Items listed in a dataset
☆ ☆ ☆
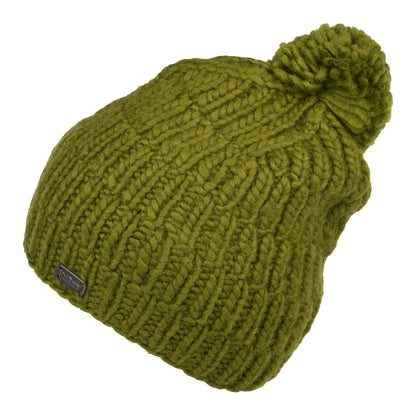 Bonnet à Pompon à Torsades Côtelées Point de Riz khaki KUSAN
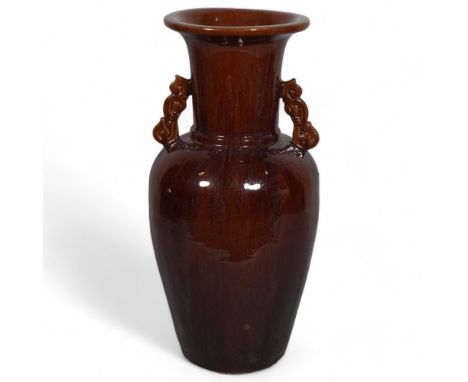 Large Chinese treacle brown glaze ceramic floor vase, height 90cm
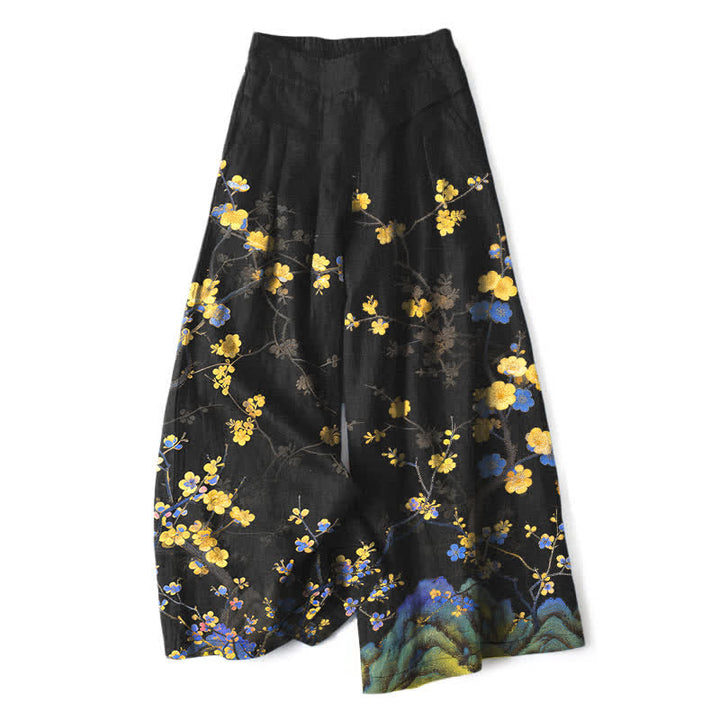 Buddha Stones Cotton Linen Vintage Yellow Floral Pattern Women's Elastic Waist Wide Leg Pants With Pockets - Black - US16，UK/AU20，EU48 (3XL) - image 0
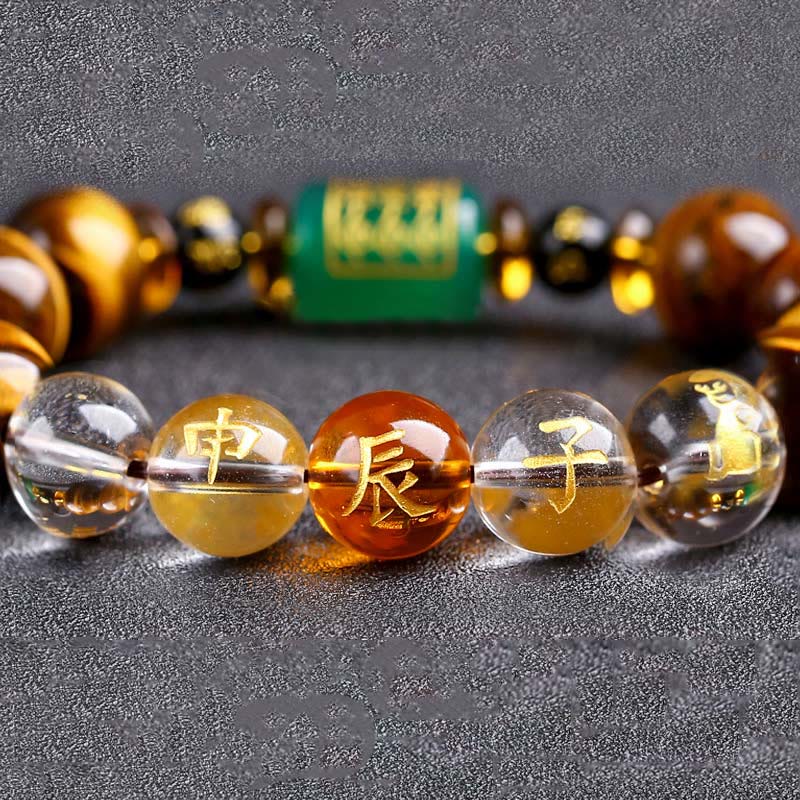 Nimara Ritual Chinese Zodiac Tiger Eye White Crystal Courage Bracelet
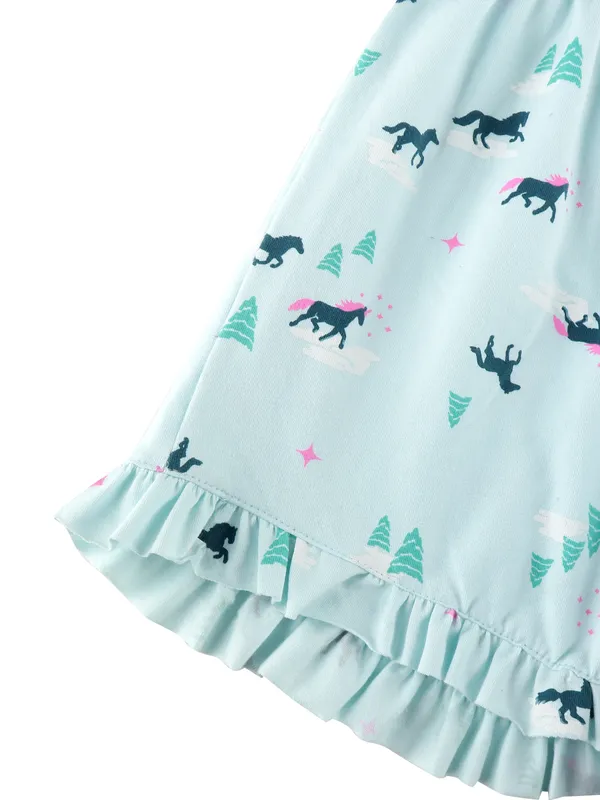 T_Shirt_With_Shorts_Set_Blue_Unicorn_Print_for_Girls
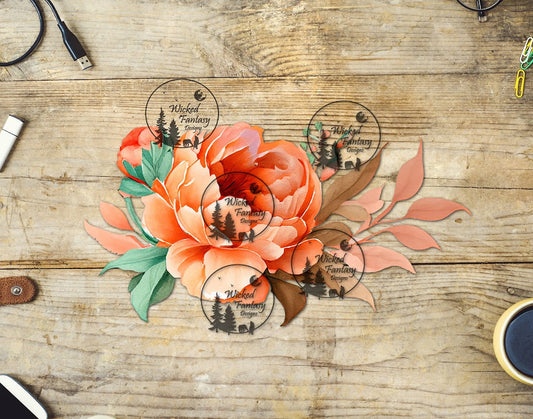 UVDTF Coral Peony Flower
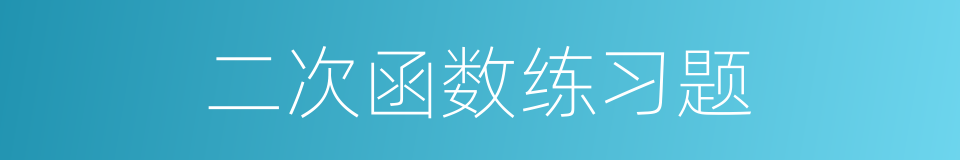 二次函数练习题的同义词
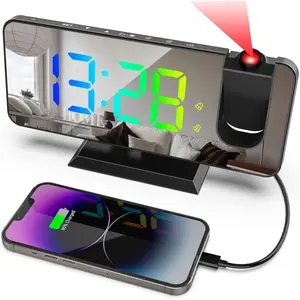 Projection Alarm Clock for Bedroom, 11 Colors RGB Digital Clock 7.3'' Large Mirror Screen, Dual Alarm 5 Auto Dimmer 12/24H Snooze 180° Ceiling Projector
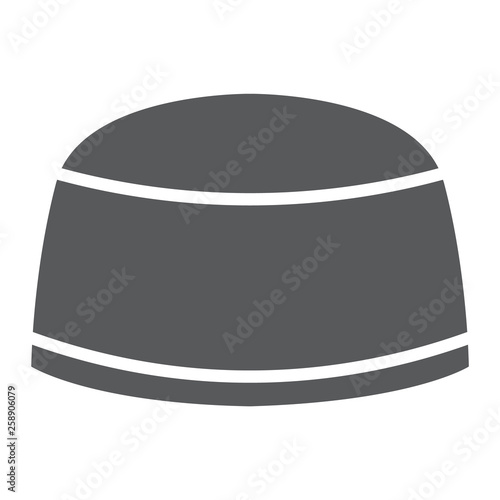 Muslim cap glyph icon, arabic and islam, turkish hat sign, vector graphics, a solid pattern on a white background.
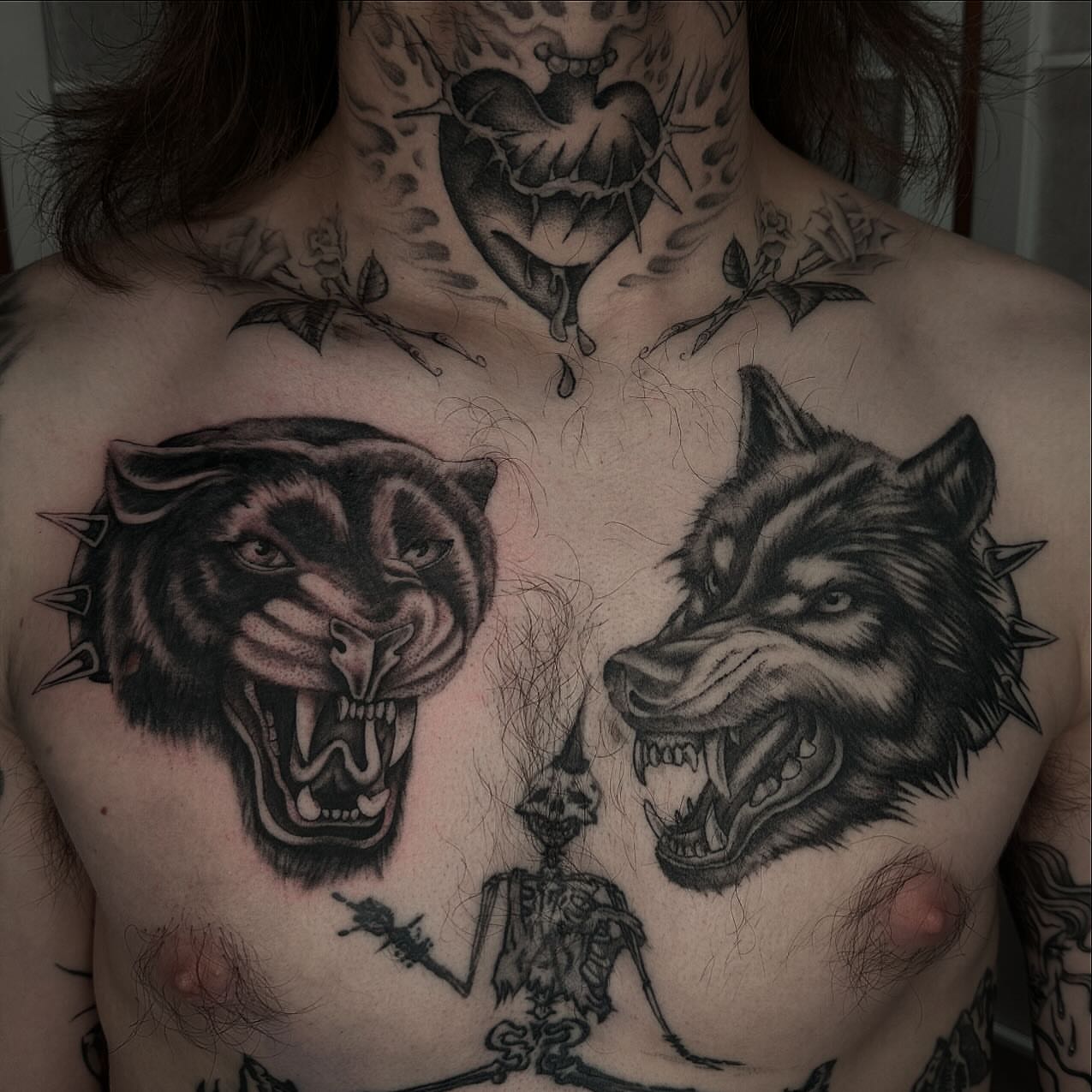 Panther and wolf realism tattoo on the chest by 𝖍𝖆𝖓𝖓𝖆𝖍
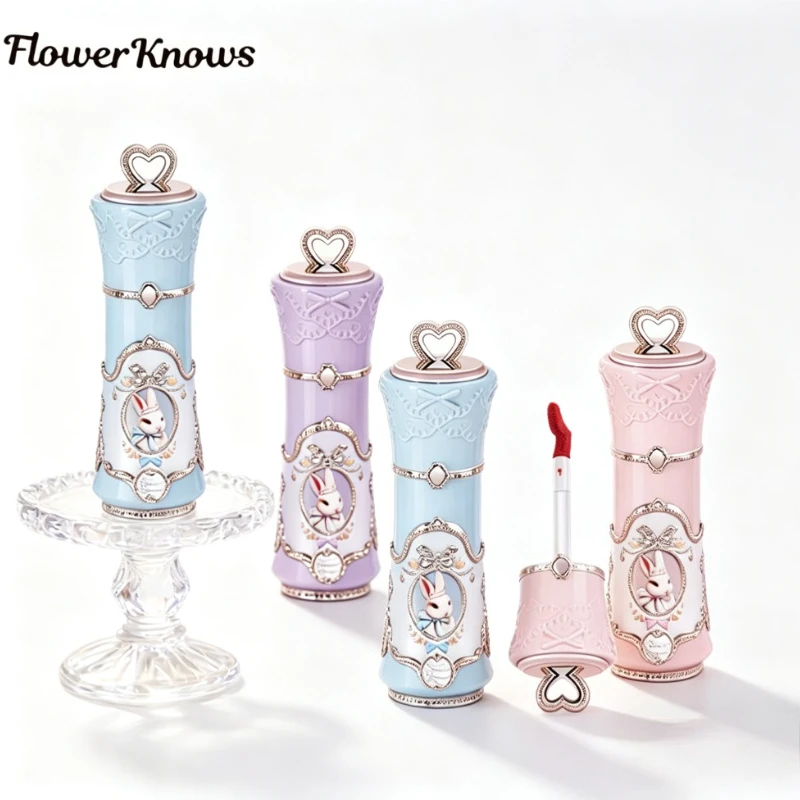 Flower Knows Bunny Garden Collection Cosmetics Cloud Lip Cream  Matte Lipstick Heart Love Cute Long-lasting Beauty Makeup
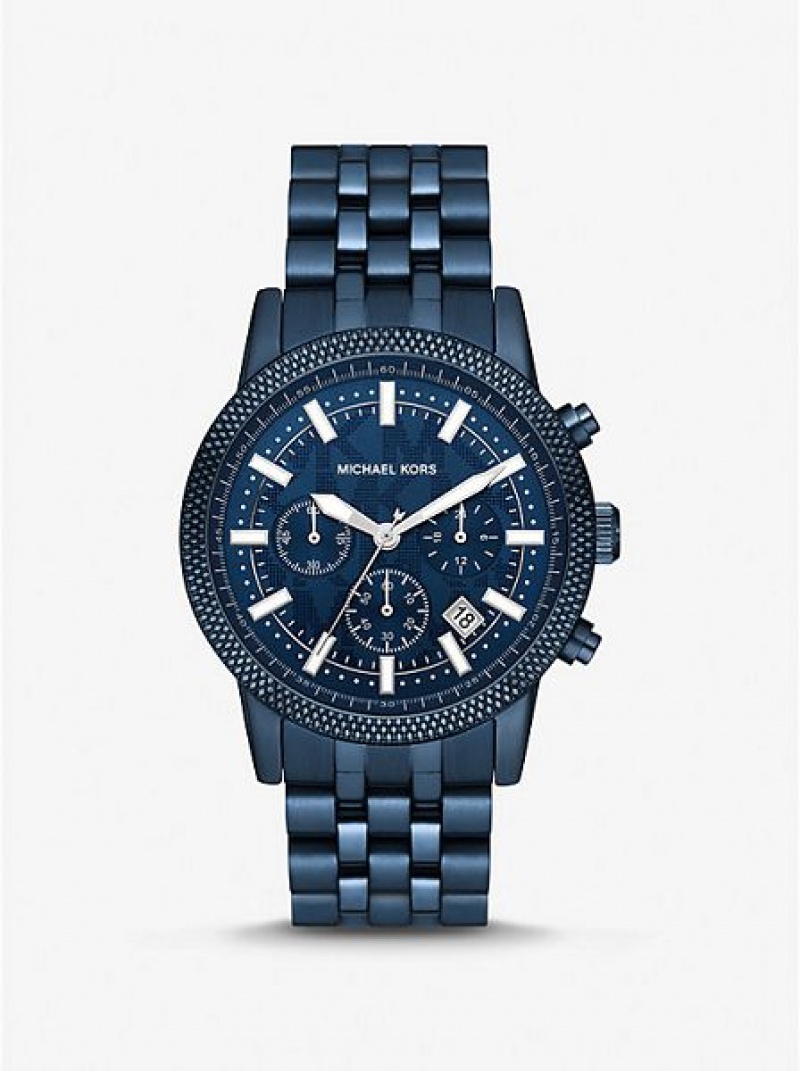 Michael Kors Oversized Hutton Navy-tone Horloge Dames Donkerblauw | 835410-WSG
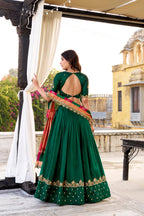Lorenvalley Fashion Green Vichitra Silk Sequins and Thread Embroidery Work Lehenga Choli with Dupatta | Grocsy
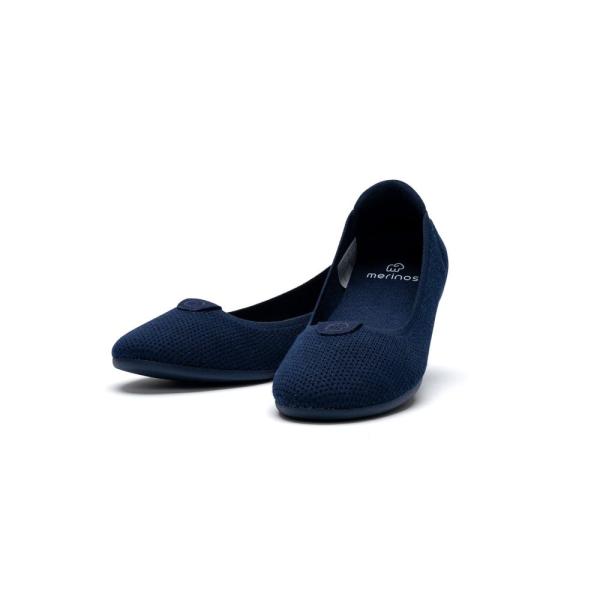 メリノ (Merinos) レディース スリッポン・フラット シューズ・靴 Flat (Navy)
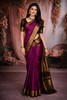 Magenta Purple Butta Zari Woven Design Pure Kanchipuram Silk Saree with Contrast Double Zari Border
☆ ☆ ☆
# Task statement:
Copy every line exactly, from the opening line of the entries down to the line holding "メリノ (Merinos) レディース", and keep the pictures out.

# Solution to this task:
 Bonnet à Pompon à Torsades Côtelées Point de Riz khaki KUSAN
 Large Chinese treacle brown glaze ceramic floor vase, height 90cm
 Buddha Stones Cotton Linen Vintage Yellow Floral Pattern Women's Elastic Waist Wide Leg Pants With Pockets - Black - US16，UK/AU20，EU48 (3XL) - image 0
 Nimara Ritual Chinese Zodiac Tiger Eye White Crystal Courage Bracelet
 T_Shirt_With_Shorts_Set_Blue_Unicorn_Print_for_Girls
 UVDTF Coral Peony Flower
 二次函数练习题的同义词
 Projection Alarm Clock for Bedroom, 11 Colors RGB Digital Clock 7.3'' Large Mirror Screen, Dual Alarm 5 Auto Dimmer 12/24H Snooze 180° Ceiling Projector
 Muslim cap glyph icon, arabic and islam, turkish hat sign, vector graphics, a solid pattern on a white background.
 Panther and wolf realism tattoo on the chest by 𝖍𝖆𝖓𝖓𝖆𝖍
 Flower Knows Bunny Garden Collection Cosmetics Cloud Lip Cream  Matte Lipstick Heart Love Cute Long-lasting Beauty Makeup
 Michael Kors Oversized Hutton Navy-tone Horloge Dames Donkerblauw | 835410-WSG
Lorenvalley Fashion Green Vichitra Silk Sequins and Thread Embroidery Work Lehenga Choli with Dupatta | Grocsy
 メリノ (Merinos) レディース スリッポン・フラット シューズ・靴 Flat (Navy)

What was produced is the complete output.